Do you think I could make it?
No one's watching me right now...
I'm outside and there aren't any guards
I don't even have to show up for another thirty minutes
No one would even think to look for me until then
I could just run off through the trees
And never come back
I could go on the road north
(Probably by hitchhiking)
And be in the international city
Where no one would find me
Why should I stay here?
My peers taunt me
And treat me like a contagion
Those in charge of us
Find me to be a troublemaker
And exclude me from groups for it
And I'm always bored with our work
I finish hours before the day is out
I could just leave this island
And never come back
....I could do it...
....they'd catch me
I can't get off of the base
Without climbing over razor-wire topped fences
Or swimming over open water fully clothed
And if I tried the gate
The gaurd would easily stop me
I could hide inside the complex
But when they've realized I've escaped
The military police will be called
And they will comb the base
Cornering me until I'm surrounded
I'm going to be released in one year, anyways.
I can make it one more year, can't I?
Can I?
I don't have another choice,
Unless someone were to help me
Sneak a sailboat into my escape route
Hold on, girl
It's only one more year
Wait, am I late for class?
I've got to get back
Before they notice that I'm gone
Sorry, this is more of a soliloquy than a poem.
This is basically an internal conversation that I had with myself every day in sixth grade.
I lived in Florida on a military base at the time, and I just hated school.

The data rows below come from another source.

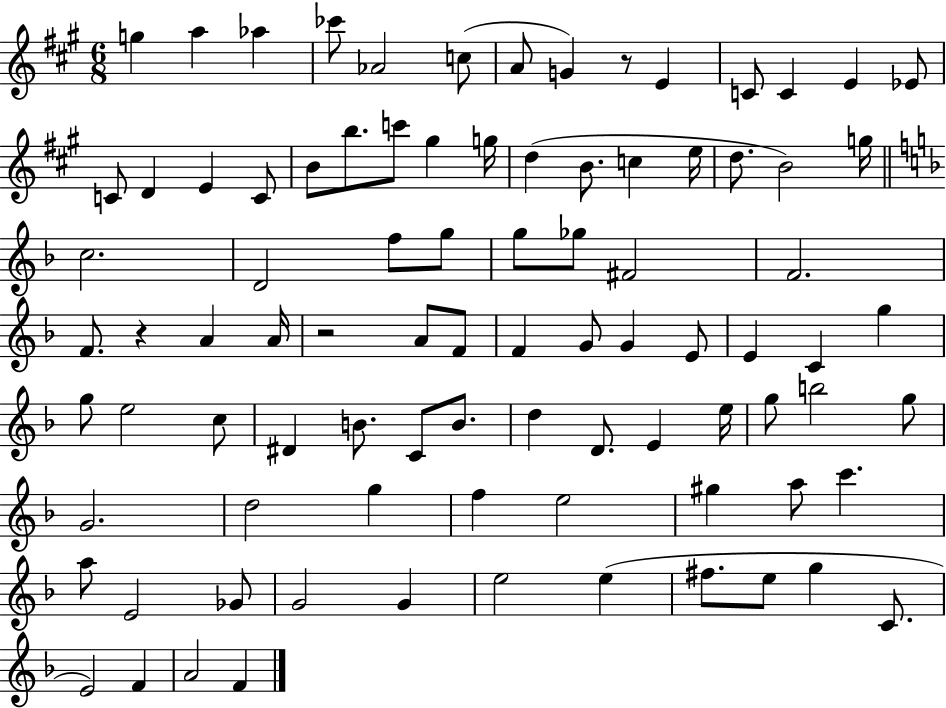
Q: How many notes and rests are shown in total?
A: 89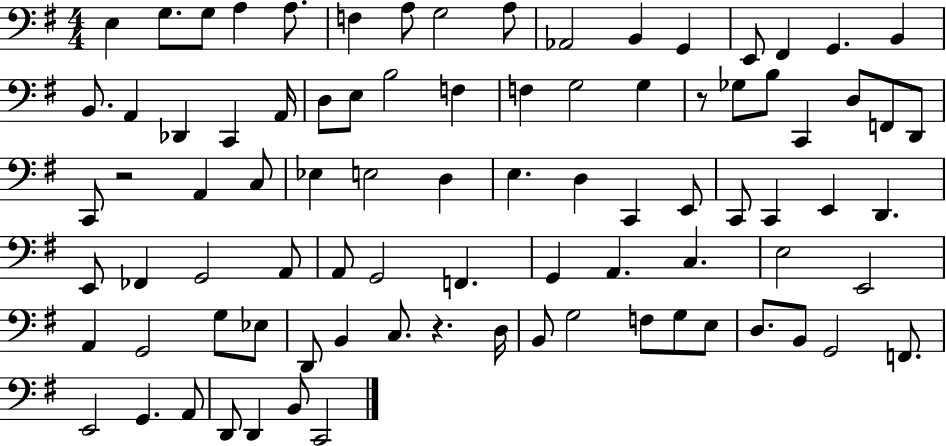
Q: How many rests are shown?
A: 3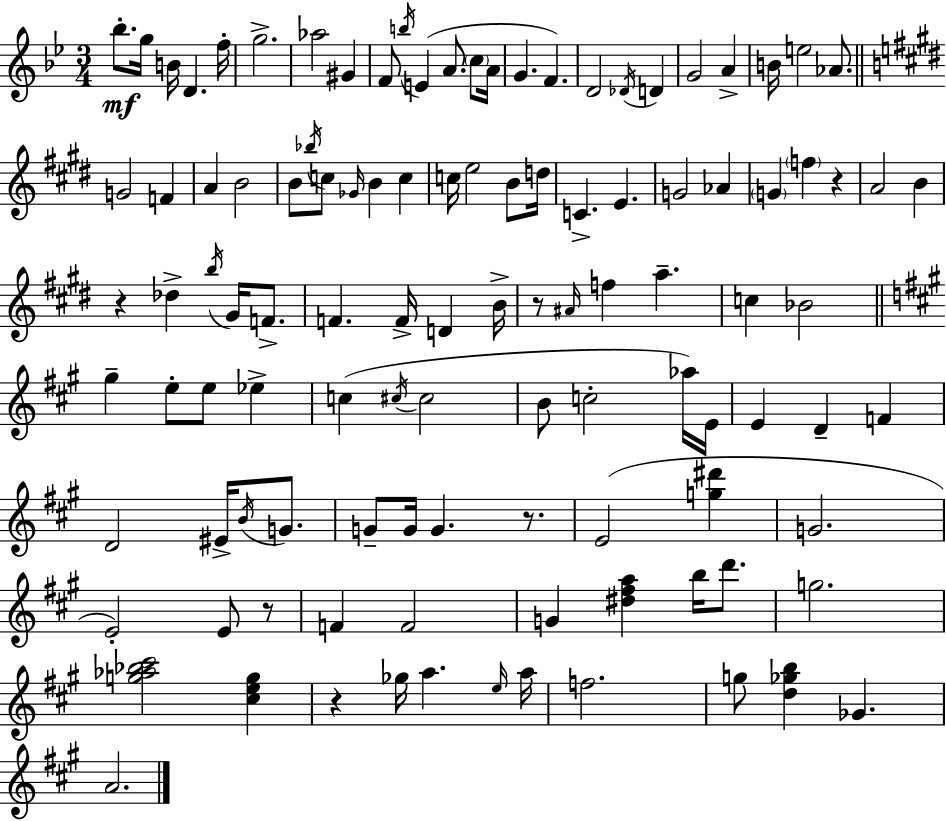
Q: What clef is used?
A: treble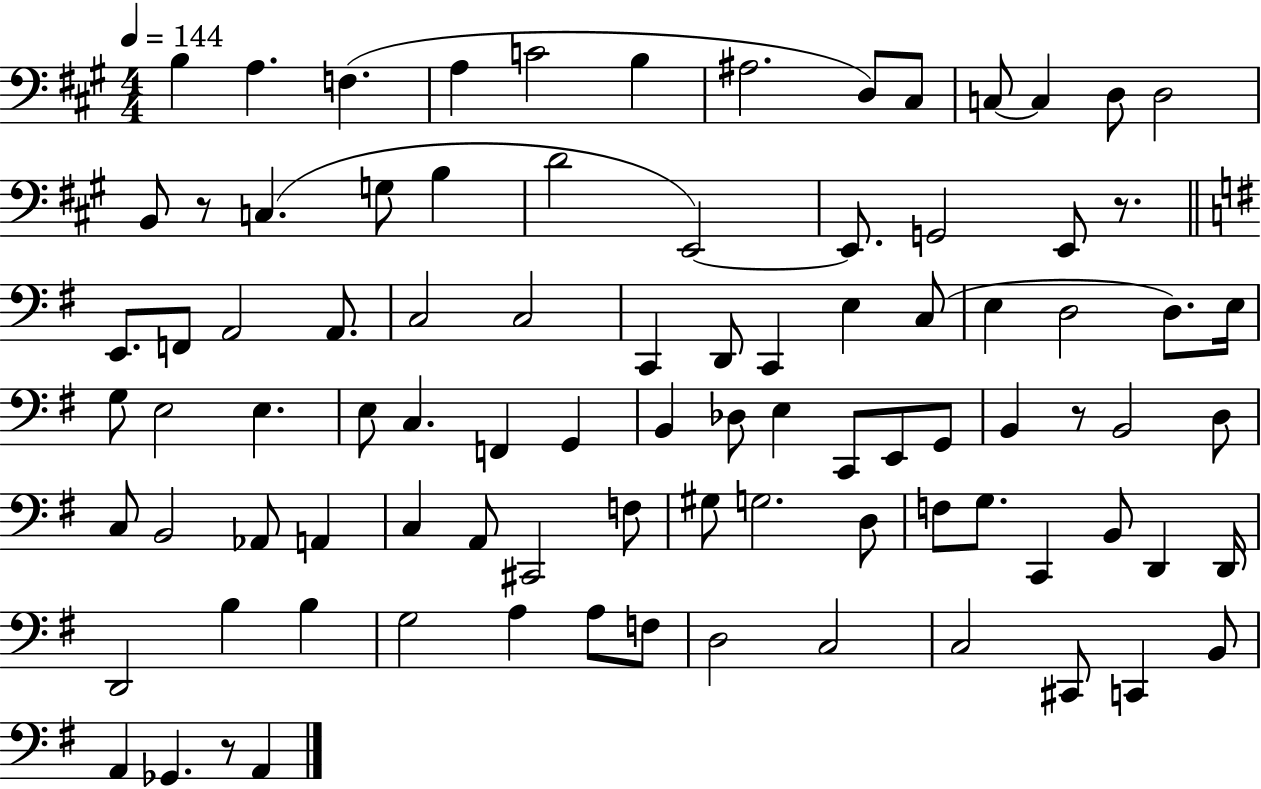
B3/q A3/q. F3/q. A3/q C4/h B3/q A#3/h. D3/e C#3/e C3/e C3/q D3/e D3/h B2/e R/e C3/q. G3/e B3/q D4/h E2/h E2/e. G2/h E2/e R/e. E2/e. F2/e A2/h A2/e. C3/h C3/h C2/q D2/e C2/q E3/q C3/e E3/q D3/h D3/e. E3/s G3/e E3/h E3/q. E3/e C3/q. F2/q G2/q B2/q Db3/e E3/q C2/e E2/e G2/e B2/q R/e B2/h D3/e C3/e B2/h Ab2/e A2/q C3/q A2/e C#2/h F3/e G#3/e G3/h. D3/e F3/e G3/e. C2/q B2/e D2/q D2/s D2/h B3/q B3/q G3/h A3/q A3/e F3/e D3/h C3/h C3/h C#2/e C2/q B2/e A2/q Gb2/q. R/e A2/q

The work was to easy and boring, the teachers had a hard time dealing with me and my behaivor when I acted up, and the other kids liked to pick on me. I was a teacher's assistant to another teacher durring study hall, and I had thirty minutes every day with nothing to do, as I had finished my job and lunch hadn't started yet. My school's hallways were outdoors, and there were no teachers watching in between classes, so every day in that thirty minutes of free time, I would stand in the hallway and fantasize about running away to Miami.
This poem/monologue were my thoughts in sixth grade.